How to Evaluate $\lim_{x \to \infty} 2 + 2x\sin\left(\frac{4}{x}\right)$? Here is my limit to be evaluated

$\lim_{x \to \infty} 2 + 2x\sin\left(\frac{4}{x}\right)$=?

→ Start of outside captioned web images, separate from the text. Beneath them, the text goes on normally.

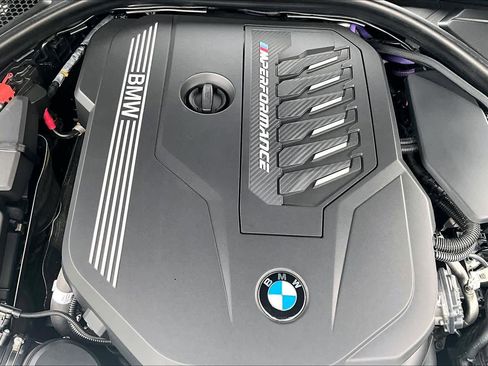 Certified 2024 BMW M340i xDrive AWD/4WD image 34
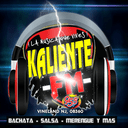 Kaliente FM 95 live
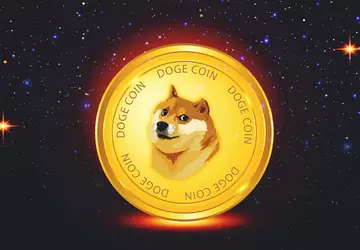 Pamięciowa kryptowaluta Dogecoin ma 8 lat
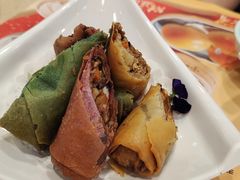 -点都德(汇胜楼店)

 A: Here is a simple step by step approch
$$\begin{align}
&\quad \lim_{x \to \infty} 2 + 2x\sin\left(\frac{4}{x}\right) \\
&= \lim_{x \to \infty} 2 + 8 \frac{x}{4} \sin\left(\frac{4}{x}\right) \\
&= \lim_{x \to \infty} 2 + 8 \lim_{x \to \infty} \frac{\sin\left(\frac{4}{x}\right)}{\frac{4}{x}} \\
&= \lim_{x \to \infty} 2 + 8 \lim_{u \to 0} \frac{\sin(u)}{u} \\
&=2+8(1)=10
\end{align} 
$$
A: BIG HINT:
$$\lim_{x\to\infty}\left(2+2x\sin\left(\frac{4}{x}\right)\right)=2+\left(\lim_{x\to\infty}2x\sin\left(\frac{4}{x}\right)\right)=2+2\left(\lim_{x\to\infty}x\sin\left(\frac{4}{x}\right)\right)=$$

Let $n=\frac{1}{x}$:

$$2+2\left(\lim_{n\to 0}\frac{1}{n}\cdot\sin\left(4n\right)\right)=2+2\left(\lim_{n\to 0}\frac{\sin\left(4n\right)}{n}\right)=$$
$$2+2\left(\lim_{n\to 0}\frac{\frac{\text{d}}{\text{d}n}\left(\sin\left(4n\right)\right)}{\frac{\text{d}}{\text{d}n}\left(n\right)}\right)=2+2\left(\lim_{n\to 0}\frac{4\cos(4n)}{1}\right)=2+8\lim_{n\to 0}\cos(4n)$$
A: The limit in question is $2+2\lim_{x\to\infty}x\sin\frac{4}{x}=2+8=10$.
A: For all $n$$$2+2x\sin (\frac nx)=2+2 \frac{\sin (\frac nx)}{\frac 1x}=2+2n \frac{\sin (\frac nx)}{\frac nx}\rightarrow 2+2n$$